Agile, Digital Uproar – or – New Robes for a New Emperor.

Aebby
(Dr. Eberhard Huber)

This is the title of an article Aebby (Dr. Eberhard Huber) published in his projekt (B)LOG. It is a censorious discussion of the current “agility hype“.

For me, “agile“ describes a quality that is excellently described in the agile manifesto. Unfortunately, agile (just like digital and innovative) has now become part of the Business Theatre instituted by the top managers of German Enterprises. They deal with all kinds of things, but they totally neglect the people working in the enterprise and the customers.

The Business Theatre is usually staged by the (top) management. It is a kind of self-portrayal practiced in enterprises and civil offices without any semblance of truth. As a consequence, you often get totally surreal decisions.

For our topic, this means: if agile is fashionable, then they decree the institution of agility. They pretend it is as easy as if you decree that the company cafeteria should get a new layer of paint.

Then they employ a few agile prophets in HR (Human Ressources) who are supposed to not only make the enterprise and its employees innovative, but also agile. And since the agilization of the enterprise must be just as measurable as its innovative potential (and everything else), a stupid counsellor gets the task of developing an agile KPI (Key Performance Indicator. Again and again, it is an exciting but mostly hilarious performance on the stage of the Business Theatre.

  • Well, so be it. With his article, Aebby says what I feel about more than the following three topics:

  • Agile has nothing to do with methods and/or technology.
  • Successful projects have always been agile in the past.
  • Self-organization is only one facet of agile work.

Well, I would like to put three exclamation marks behind every one of these sentences. Let me continue citing Aebby – on sprints:


Here is my favourite citing:
Sprints – that sounds nice and fast.
Sprint after sprint without guaranteed pauses will kill any human body.


All of this is beautifully and correctly expressed. I strongly recommend that you all read the article. In my own words and understanding, agility is something like the art and culture of life. Here are a few additions to Aebby’s article:

Fast sounds nice. But then, today, you have to be fast anyway. And fast has nothing in common with the term Sprint. After all, the agile manifesto was written by software developers, just like SCRUM was invented in software development. And they wanted to develop a better software.

What they meant in SCRUM when they said Sprint was the distance between two integrations. Initially, the developers programmed their modules separately. As soon as the modules had reached a certain level, everything was integrated and a new build was created.

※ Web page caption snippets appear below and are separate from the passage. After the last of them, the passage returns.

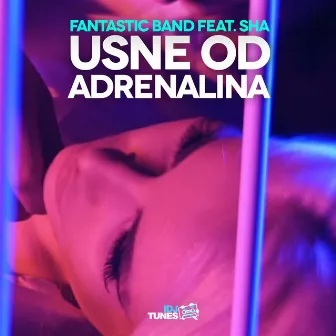 Usne Od Adrenalina by Fantastic band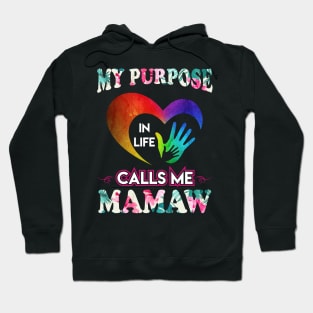 my purpose in life calls me mamaw Hoodie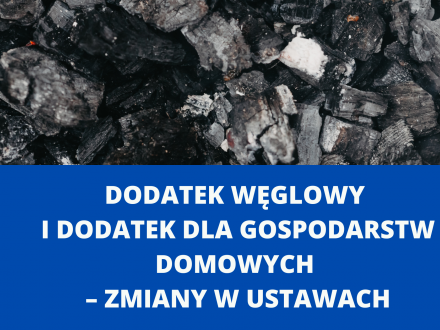 Dodatek węglowy i dodatek dla gospodarstw domowych - zmiany w ustawach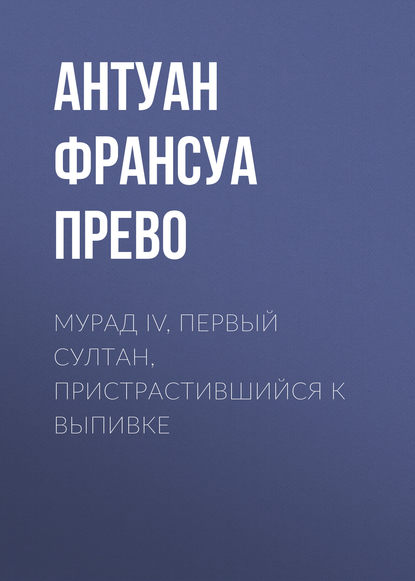 Мурад IV, первый султан, пристрастившийся к выпивке - Антуан Франсуа Прево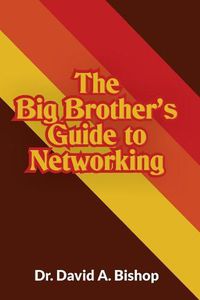 Cover image for The Big Brother's Guide to Networking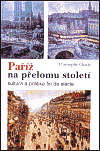 Paříž na přelomu století - obálka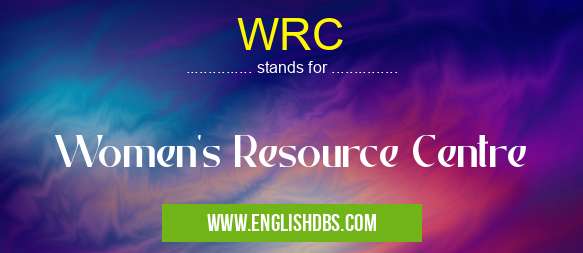 WRC means Women's Resource Centre WRC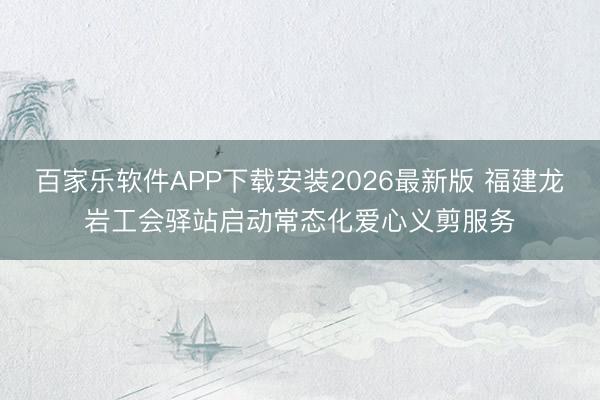 百家乐软件APP下载安装2026最新版 福建龙岩工会驿站启动常态化爱心义剪服务
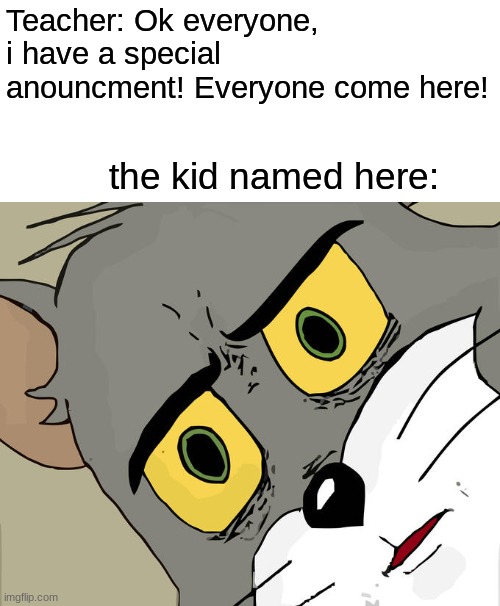 Huh? | Teacher: Ok everyone, i have a special anouncment! Everyone come here! the kid named here: | image tagged in memes,unsettled tom | made w/ Imgflip meme maker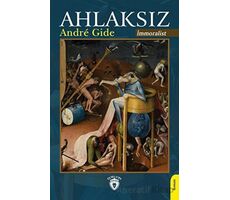 Ahlaksız (İmmoralist) - Andre Gide - Dorlion Yayınları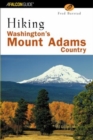 Hiking Washington's Mount Adams Country - Book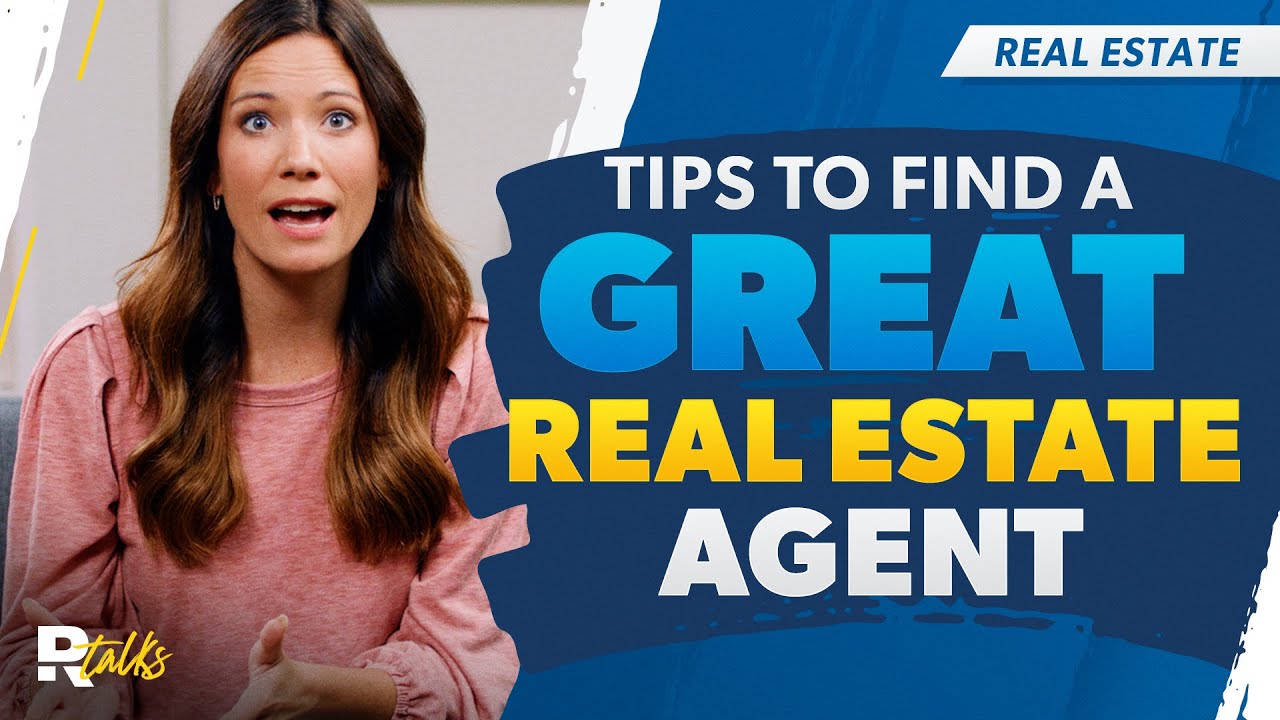 How To Find A Great Real Estate Agent - YouTube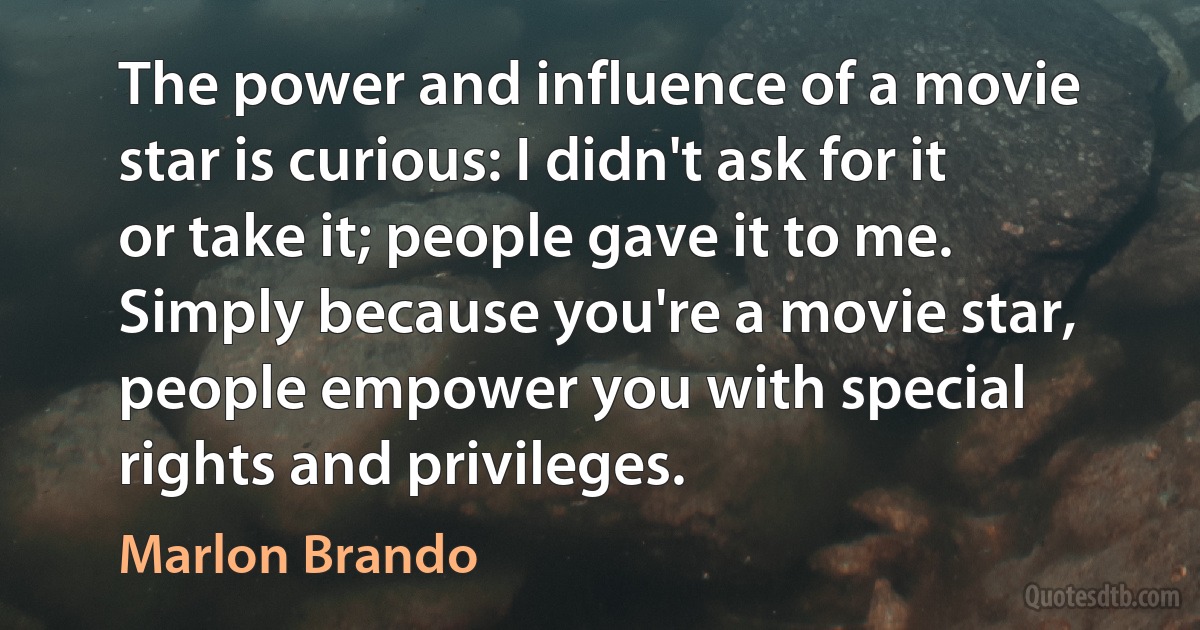 The power and influence of a movie star is curious: I didn't ask for it or take it; people gave it to me. Simply because you're a movie star, people empower you with special rights and privileges. (Marlon Brando)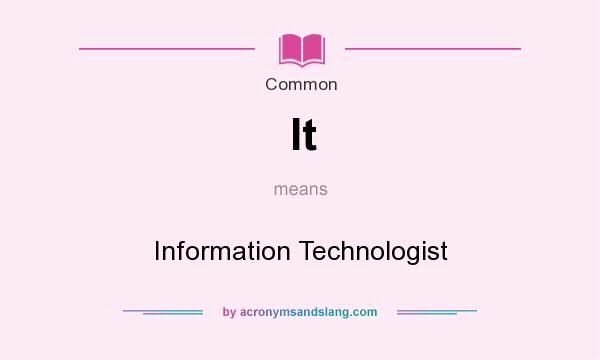 What does It mean? It stands for Information Technologist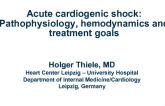 Acute Cardiogenic Shock: Pathophysiology, Hemodynamics, and Treatment Goals
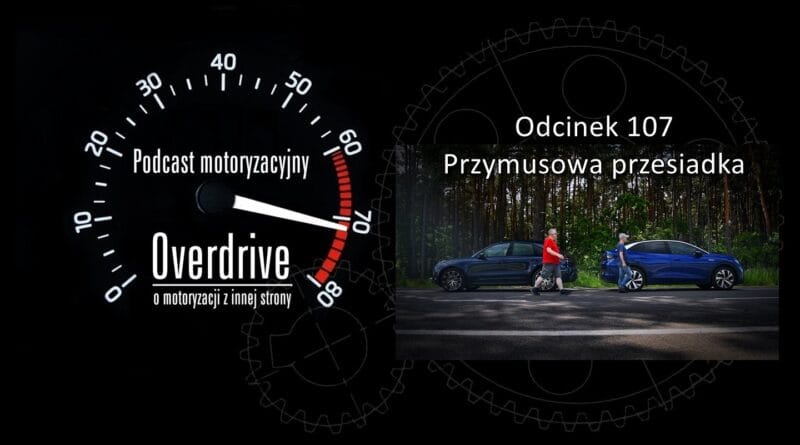 Podcast motoryzacyjny Overdrive | Odcinek nr 107 | Przymusowa przesiadka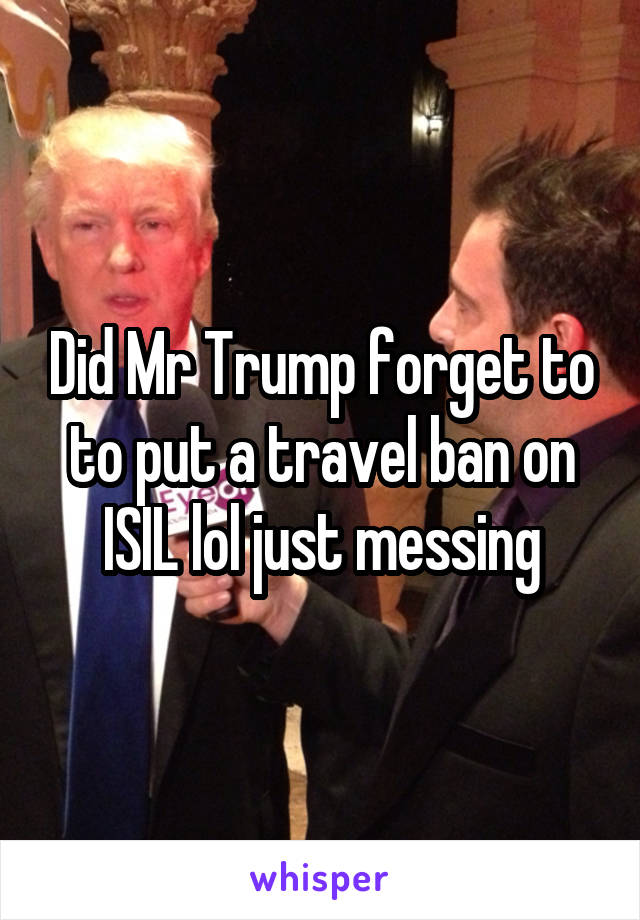 Did Mr Trump forget to to put a travel ban on ISIL lol just messing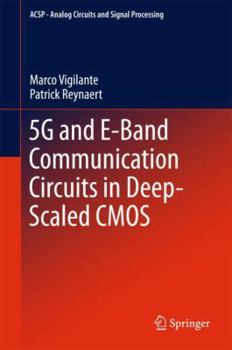 Hardcover 5g and E-Band Communication Circuits in Deep-Scaled CMOS Book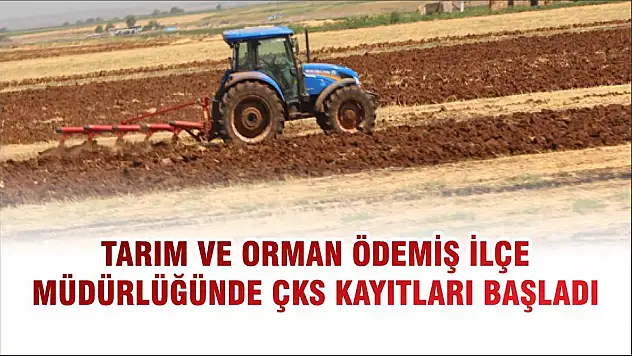TARIM VE ORMAN ÖDEMİŞ İLÇE MÜDÜRLÜĞÜNDE ÇKS KAYITLARI BAŞLADI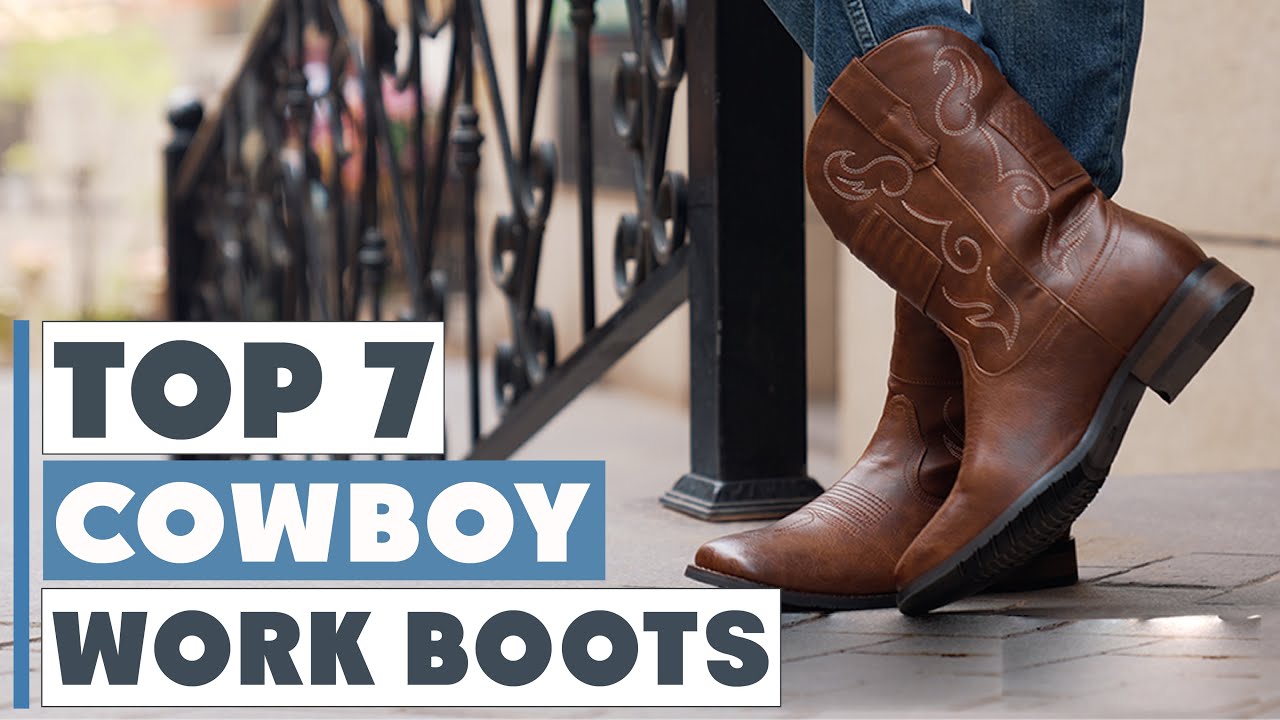 7-best-cowboy-work-boots-for-western-style-youtube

If you had huge projects, the distances between two integration dates was sometimes half a year – often more. If the new build did not work properly, the error had to be found by means of regression if you wanted a running system. That meant you had to reset the entire development step-by-step as far back as the last step. This was an immense effort in work and time. I remember a project where, for more than half a year, we had no running system. Naturally that is fatal.

Consequently, a main reason for introducing short integration times was that you wanted a running system with the current development standard at all times. You never wanted to lose your feet. Consequently, you had to shorten the time between two builds considerably. That is what SPRINT means. It is misleading, because it is not about speed, but about stability. It is not about being fast. More often than not, you reach a goal more efficiently by taking small steps than with big ones.

Agile working certainly does not tolerate working without plan or concept. Mind you, instead of using the word ”planning“, I would prefer to call it a well-thought-through and diligent procedure. Agile is the ability to observe and learn. You absolutely need to be able to always follow what is going on and react to undesired developments with a level-headed reaction.

Sometimes, you do not really know the actual details of innovative projects with totally new functions at the outset. That is especially true if you want to utilize new technologies that might have disruptive effects and thus bring a high degree of research to the project. Then the only way to deal with the development is agile. This was often so in IT. In this case, it would be better to call it an iterative culture of trial and error, instead of agile. It means that you build roust prototypes, then test them, learn from it and improve them.

RMD
(Translated by EG)

P.S.
Aebby’s article was also part of the Blogparade by the Projekt Magazins.